Exercise
After locating the line that contains "Hyundai i20 1.0" in the data below, set down exactly that line and each one after it through the line that contains "Brotkasten mit Bambusschneidebrett", and nothing more.

Exercise data section start

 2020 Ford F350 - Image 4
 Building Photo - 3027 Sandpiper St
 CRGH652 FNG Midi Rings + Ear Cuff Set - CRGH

Exercise data section end
Exercise data section start

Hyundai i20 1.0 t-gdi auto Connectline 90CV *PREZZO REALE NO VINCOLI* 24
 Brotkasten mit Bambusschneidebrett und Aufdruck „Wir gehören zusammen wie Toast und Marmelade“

Exercise data section end

Exercise solution
Hyundai i20 1.0 t-gdi auto Connectline 90CV *PREZZO REALE NO VINCOLI* 24
 Brotkasten mit Bambusschneidebrett und Aufdruck „Wir gehören zusammen wie Toast und Marmelade“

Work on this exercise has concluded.